De son côté Elecam s’est félicité du bon déroulement du scrutin et n’a noté « aucun dysfonctionnement majeur », a déclaré son président Samuel Fonkam Azu’u. Dans son sillage, la France a jugé le déroulement du scrutin « acceptable » par la voix de son ministre des Affaires étrangères, Alain Juppé. Quant à l’équipe d’observateurs du Commonwealth à Yaoundé, elle a estimé avec plus de précaution et de neutralité que le scrutin avait été exempt de « coercition » et souligné qu’il y avait un « bon nombre de plaintes » sur l’organisation du scrutin.

En clair, tout indique que le président Paul Biya (78 ans), au pouvoir depuis 1982, sera réélu pour son sixième mandat, cette fois de 7 ans. « Paul Biya en pole position », titrait mardi L’Action, le journal du RDPC, sans apporter aucune preuve : « Quelques heures après la fermeture des bureaux, les premiers échos du terrain ne laissent aucun doute sur la victoire du candidat », affirmait-il.

Pour la plupart des Camerounais, l’issue des résultats ne fait aucun doute. « On est pas trop concernés par le vote.
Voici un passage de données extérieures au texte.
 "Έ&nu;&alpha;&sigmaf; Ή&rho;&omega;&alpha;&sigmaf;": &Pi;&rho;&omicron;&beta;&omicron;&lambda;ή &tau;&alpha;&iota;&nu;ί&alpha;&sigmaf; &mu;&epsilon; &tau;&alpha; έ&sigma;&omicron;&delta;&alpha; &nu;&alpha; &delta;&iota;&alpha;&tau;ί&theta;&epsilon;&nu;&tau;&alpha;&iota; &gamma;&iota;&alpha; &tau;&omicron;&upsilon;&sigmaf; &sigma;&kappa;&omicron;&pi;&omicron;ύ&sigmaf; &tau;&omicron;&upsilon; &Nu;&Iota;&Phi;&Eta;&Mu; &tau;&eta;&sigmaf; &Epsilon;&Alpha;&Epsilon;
De toute façon, on sait bien que le président va gagner il n’y a rien qui change, donc nous on est tranquilles », dit Clarisse, 29 ans, commerçante au centre de Douala. « Ici rien ne change, il n’est pas question que les gens aillent dans la rue (…) On sait que le président sera réélu et voilà, il y a la paix »,  soulignait Justin Temola, chômeur de Douala.